Dentro de este último grupo, ¿qué podían esperar los que habían sido aliados del peronismo frente a un gobierno que se derruía? La mayoría de los diputados obraron con cierto irracionalismo político. Desecharon la más que probable ruptura institucional y, al menos durante el transcurso de la sesión, no ofrecieron alternativas institucionales viables para superar la crisis. Otra interpretación sería que lisa y llanamente hubo apatía o resignación y la sensación ambigua de que “la suerte estaba echada”, como diría el propio Luder tiempo después, comentando los hechos. Así, todos desempeñaron un papel contrario a sus propios intereses; los verticalistas buscaban tejer unas redes con el poder militar –incluso hasta la “bordaberrización”– para lograr el apoyo que evitara caer en el abismo y, paradójicamente, acusaban de “golpistas” a la oposición.
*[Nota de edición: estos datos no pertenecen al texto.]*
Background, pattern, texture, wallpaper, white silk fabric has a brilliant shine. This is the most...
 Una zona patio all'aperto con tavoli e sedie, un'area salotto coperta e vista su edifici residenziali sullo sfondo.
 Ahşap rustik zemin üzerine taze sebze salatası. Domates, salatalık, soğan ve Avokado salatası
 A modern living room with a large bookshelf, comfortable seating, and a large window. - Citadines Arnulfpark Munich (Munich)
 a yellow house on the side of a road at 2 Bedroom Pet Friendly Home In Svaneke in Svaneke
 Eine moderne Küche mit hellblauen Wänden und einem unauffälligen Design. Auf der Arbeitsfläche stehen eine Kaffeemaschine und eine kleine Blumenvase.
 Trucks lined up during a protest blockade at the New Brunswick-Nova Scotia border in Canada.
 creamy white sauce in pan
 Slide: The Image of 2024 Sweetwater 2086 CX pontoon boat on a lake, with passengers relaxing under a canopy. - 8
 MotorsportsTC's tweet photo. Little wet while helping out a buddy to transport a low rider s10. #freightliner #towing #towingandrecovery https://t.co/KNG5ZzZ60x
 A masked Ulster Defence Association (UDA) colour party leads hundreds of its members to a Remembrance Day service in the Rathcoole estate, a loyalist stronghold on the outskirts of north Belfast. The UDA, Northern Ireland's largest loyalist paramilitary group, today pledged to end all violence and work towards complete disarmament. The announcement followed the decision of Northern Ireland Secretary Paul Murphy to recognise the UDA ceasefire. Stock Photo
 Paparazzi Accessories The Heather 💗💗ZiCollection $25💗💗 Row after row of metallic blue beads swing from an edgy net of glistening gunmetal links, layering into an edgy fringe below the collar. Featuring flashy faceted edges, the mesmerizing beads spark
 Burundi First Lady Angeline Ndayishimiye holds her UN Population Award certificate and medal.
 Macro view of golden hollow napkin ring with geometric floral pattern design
Los desencantados que habían integrado el FREJULI no daban más crédito a la Presidenta, pero no se animaban a dar el paso necesario para su desplazamiento. Y no todos los que se inclinaban hacia el juicio político –y votaban a favor de su tratamiento– confiaban íntimamente en que era el mejor remedio e incluso que hubiera salida real alguna frente al grado de descomposición alcanzado. En realidad, el escenario parlamentario dramatizó el contexto político e institucional del país y contrapuso como espejo a un vacío de poder un cuadro de inmovilismo e impotencia, configurando un suicida callejón sin salida.
El Poder Ejecutivo estaba agónico y el Poder Legislativo en crisis. El oficialismo estaba dividido (con el antiverticalista “Grupo de Trabajo” en el Parlamento), y los disidentes del FREJULI y parte de la oposición no se animaban a votar contra el Gobierno.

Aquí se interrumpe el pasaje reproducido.